--- WORK INSTRUCTION ---
Within the listing below, please copy exactly the lines between the line holding "Positive Freelance Man" and the line holding "An owner with", inclusive.

RECORDS FOR THIS TASK START

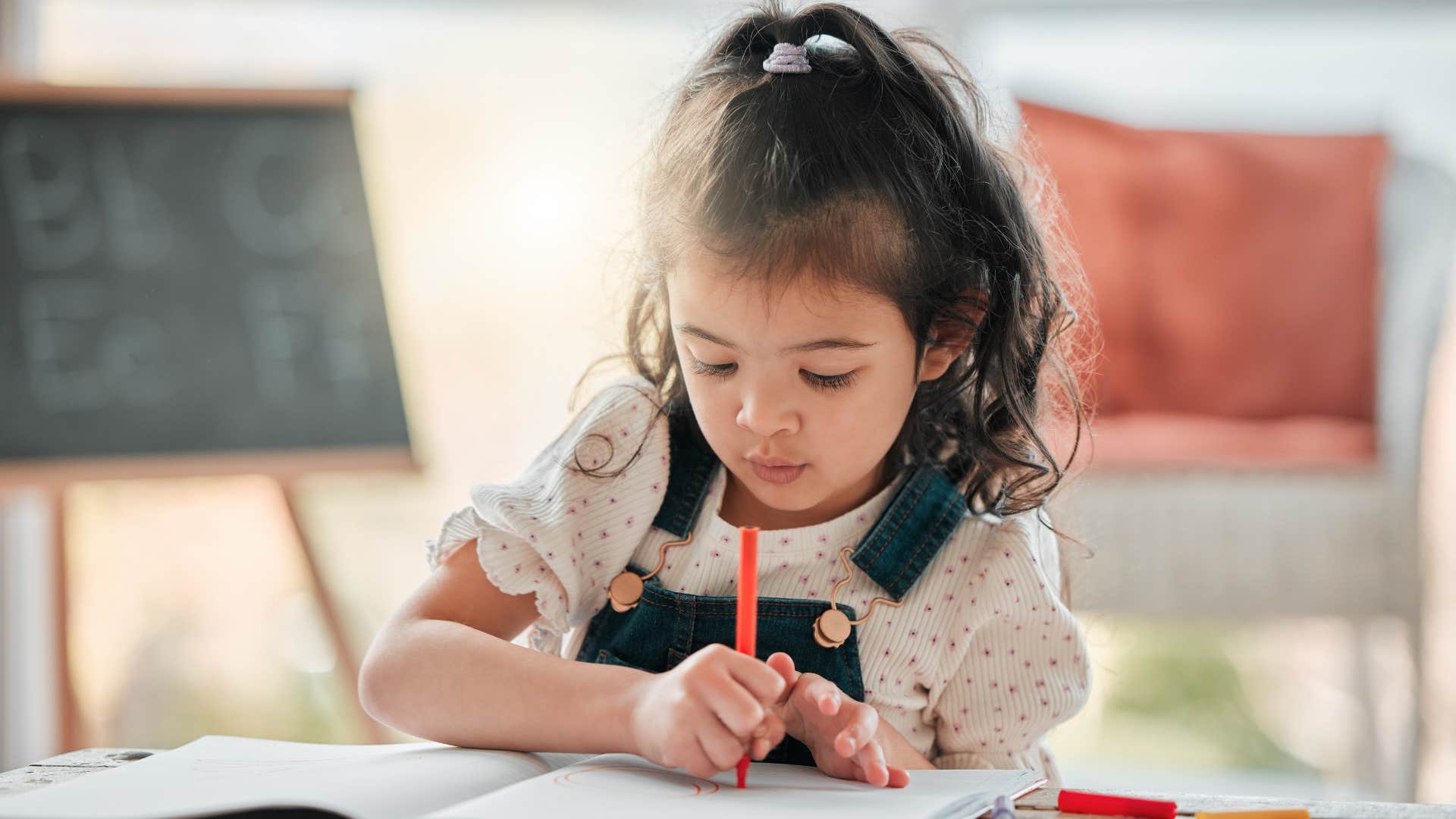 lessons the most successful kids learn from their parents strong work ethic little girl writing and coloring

RECORDS FOR THIS TASK END
RECORDS FOR THIS TASK START

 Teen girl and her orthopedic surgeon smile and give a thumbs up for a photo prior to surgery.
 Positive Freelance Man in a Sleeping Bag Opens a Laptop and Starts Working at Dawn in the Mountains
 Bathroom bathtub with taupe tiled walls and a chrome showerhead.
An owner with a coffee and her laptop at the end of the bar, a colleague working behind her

RECORDS FOR THIS TASK END

--- PROBLEM SOLUTION ---
 Positive Freelance Man in a Sleeping Bag Opens a Laptop and Starts Working at Dawn in the Mountains
 Bathroom bathtub with taupe tiled walls and a chrome showerhead.
An owner with a coffee and her laptop at the end of the bar, a colleague working behind her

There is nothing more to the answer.